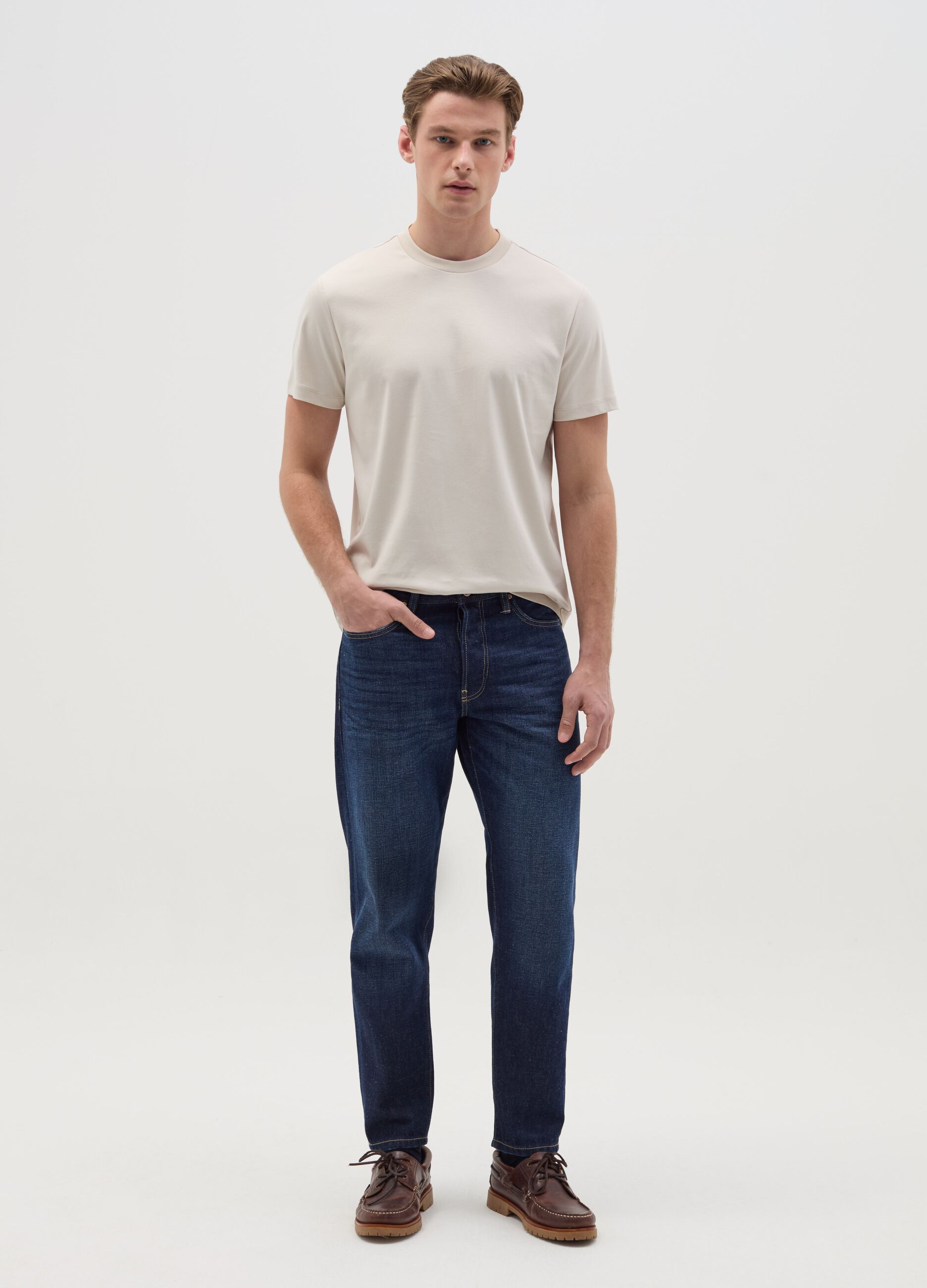 Regular-fit T-shirt with round neck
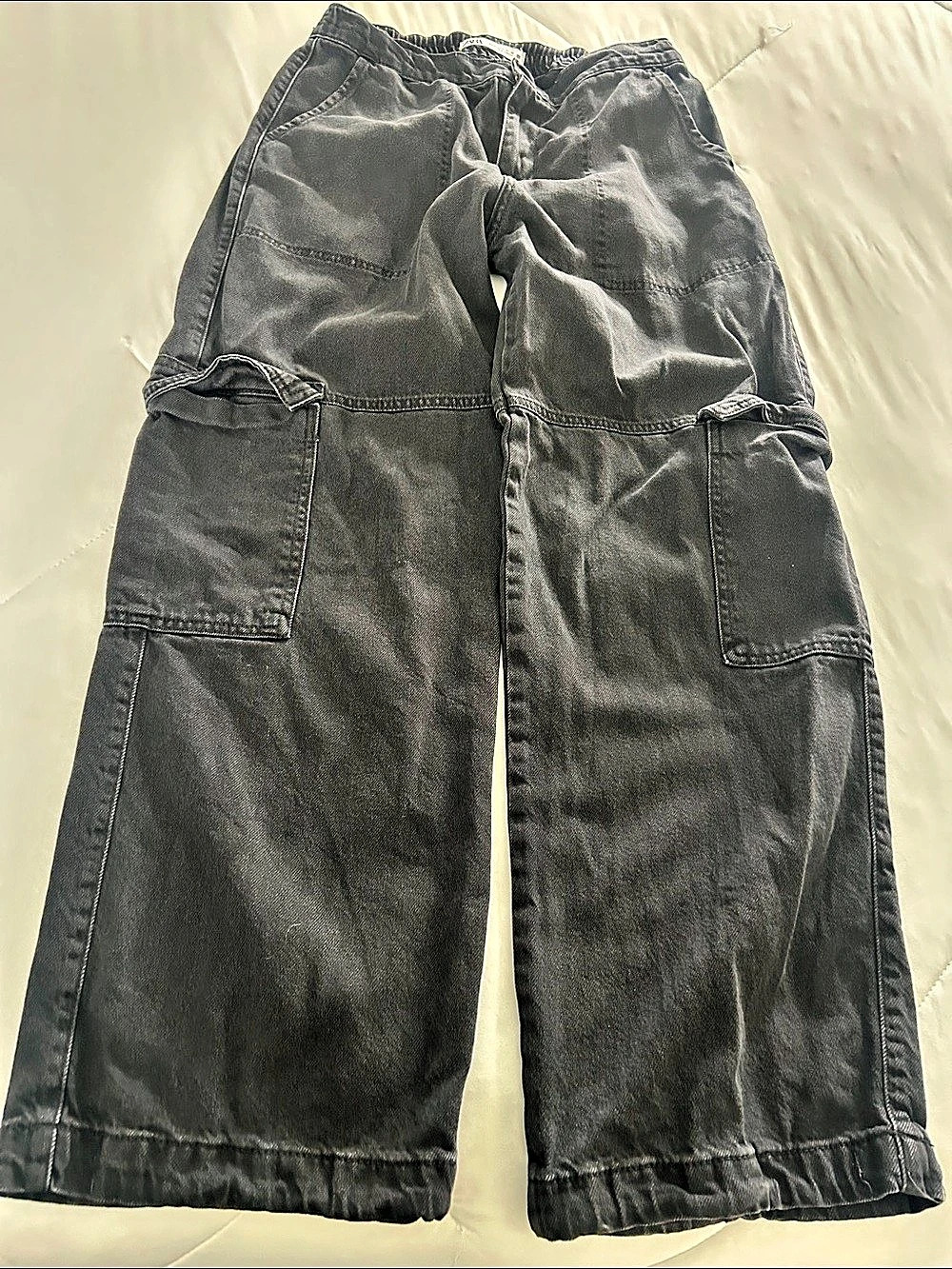 Zara Women's Cargo Wide Leg Pants in Black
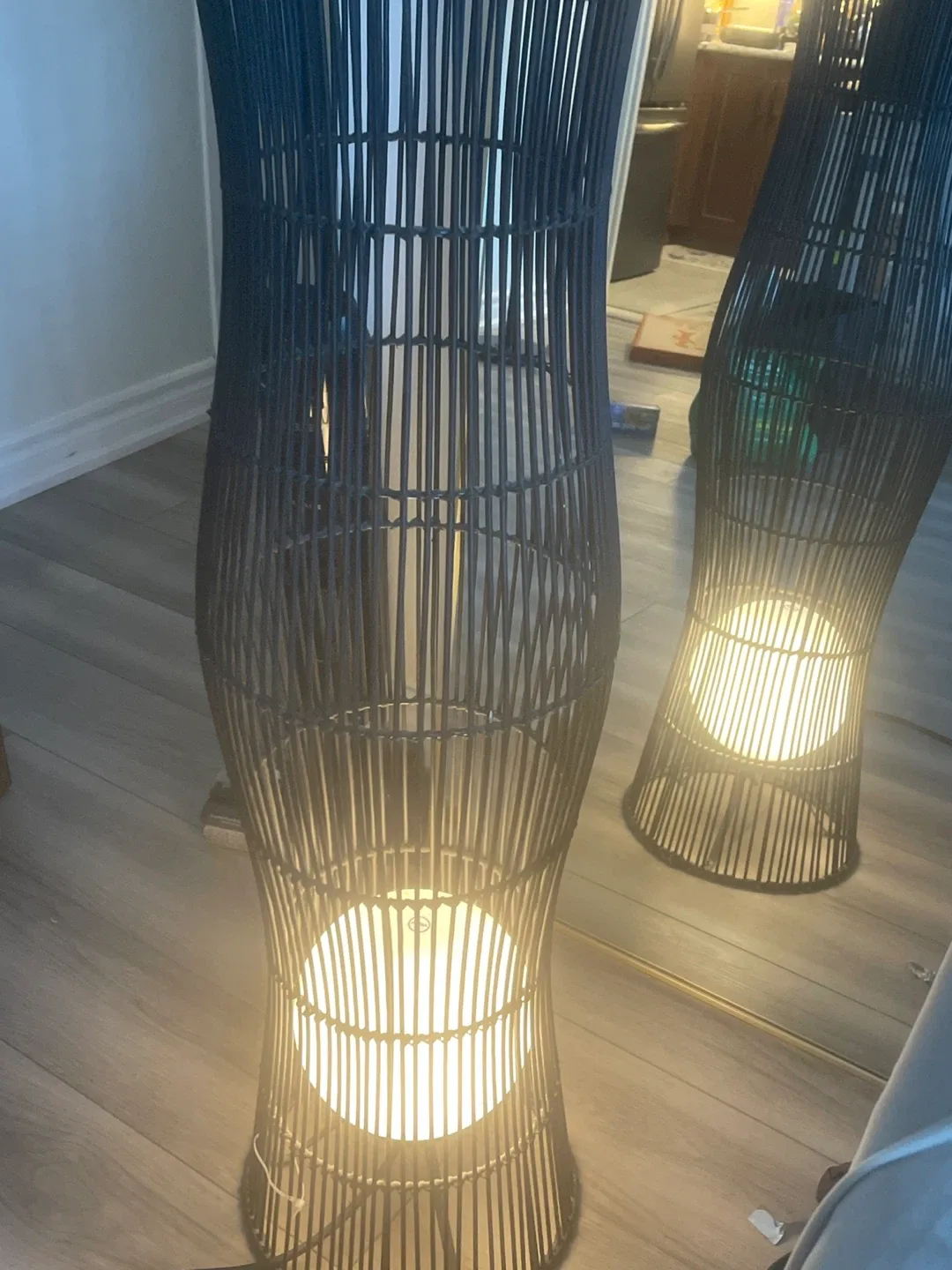 Kenmore Rattan Floor Lamp, Black image indicator(2)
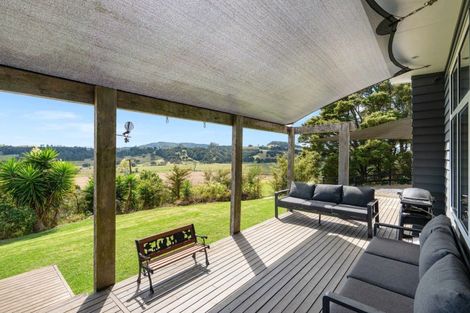 Photo of property in 442 Whananaki Road North, Opuawhanga, Hikurangi, 0181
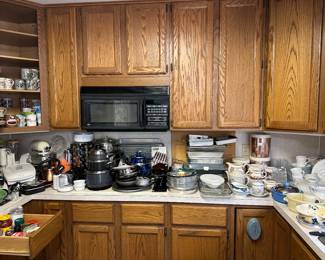 Kitchen overview - pots, pans and bakeware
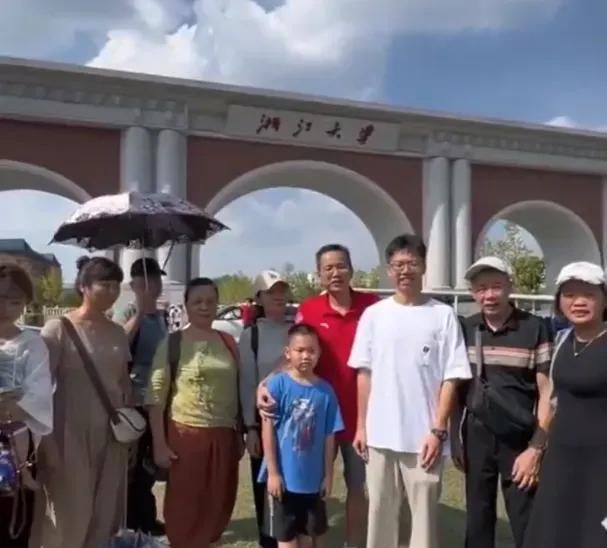 幸福的一家人，在开学季，送孩子上大学学，然后旅游，一家人两不误，令人羡慕嫉妒。这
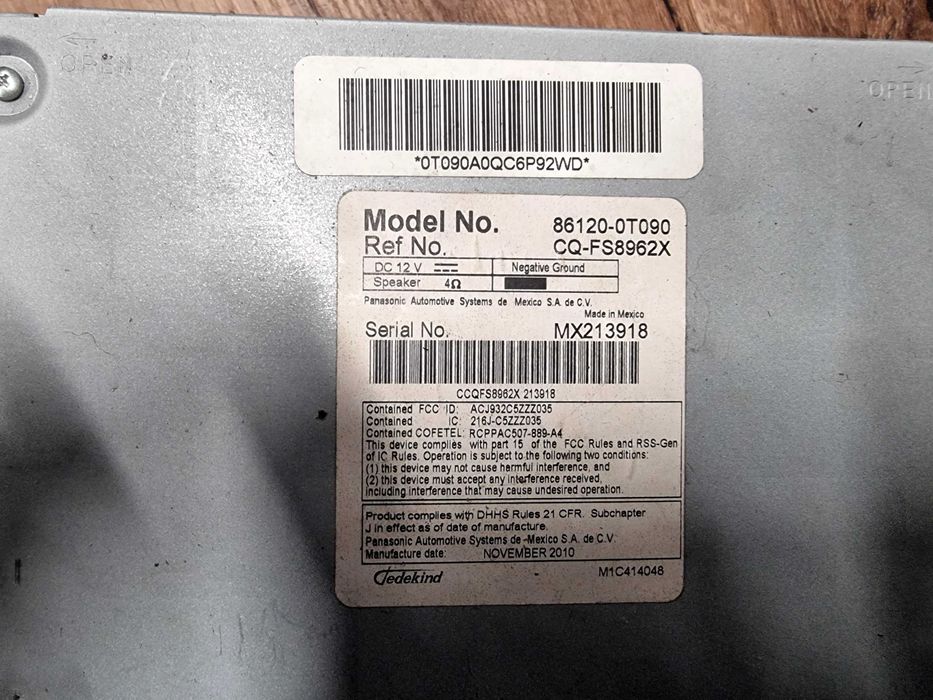 Магнитола Тойота венза штатна Toyota Venza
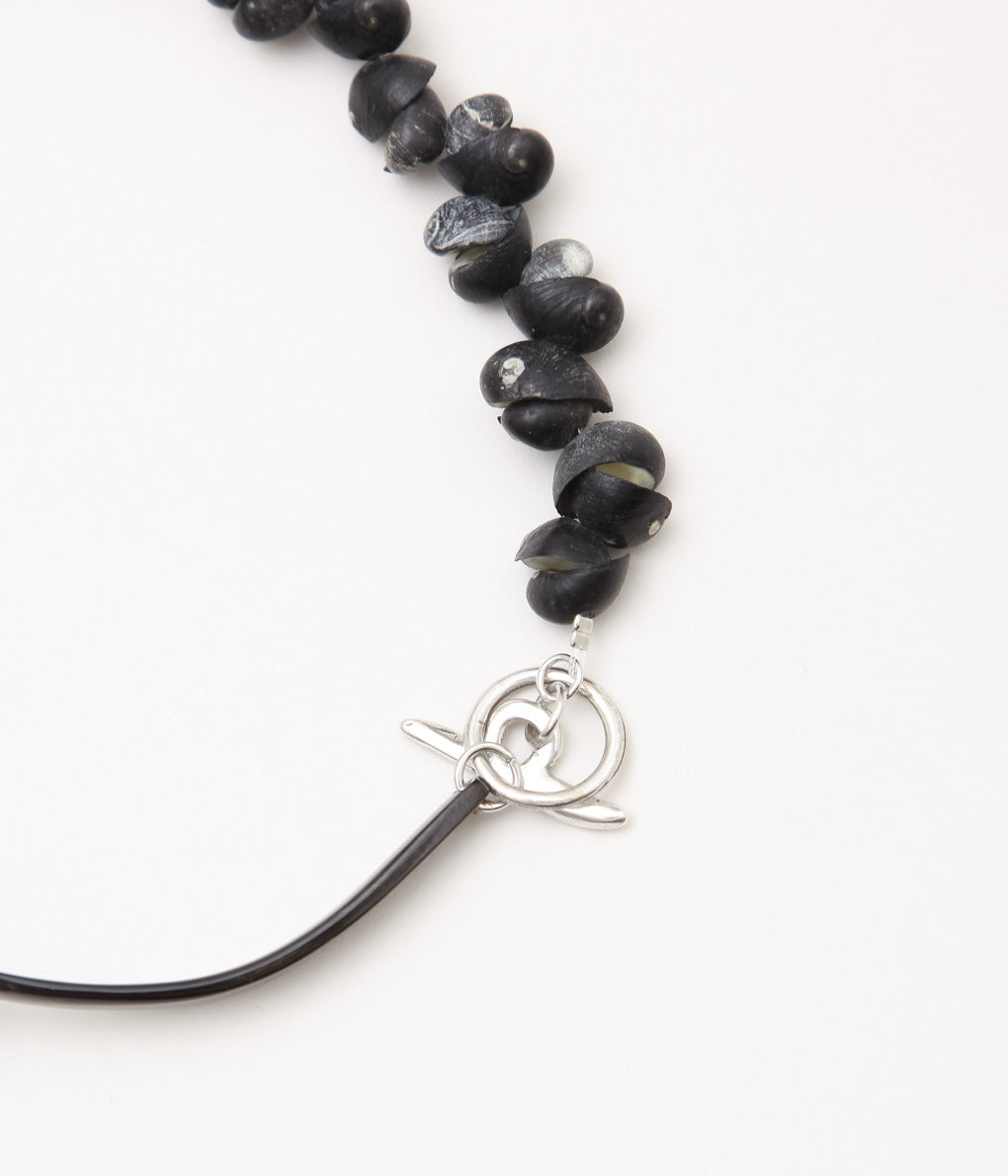 LA CATERINA JEWELRY ''CASORIA NECKLACE'' (BLACK SHELL)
════════════════════
PROBLEM STATEMENT —
Print exactly, and print only, the lines from the line with "Kenmore Rattan Floor" through the last line of the entries, both ends included. No pictures belong in the result.

RESPONSE TO THIS EXERCISE —
 Kenmore Rattan Floor Lamp, Black image indicator(2)
 Photo of property in 442 Whananaki Road North, Opuawhanga, Hikurangi, 0181
 Kitchen overview - pots, pans and bakeware
 幸福的一家人，在开学季，送孩子上大学学，然后旅游，一家人两不误，令人羡慕嫉妒。这
 Магнитола Тойота венза штатна Toyota Venza
 LA CATERINA JEWELRY ''CASORIA NECKLACE'' (BLACK SHELL)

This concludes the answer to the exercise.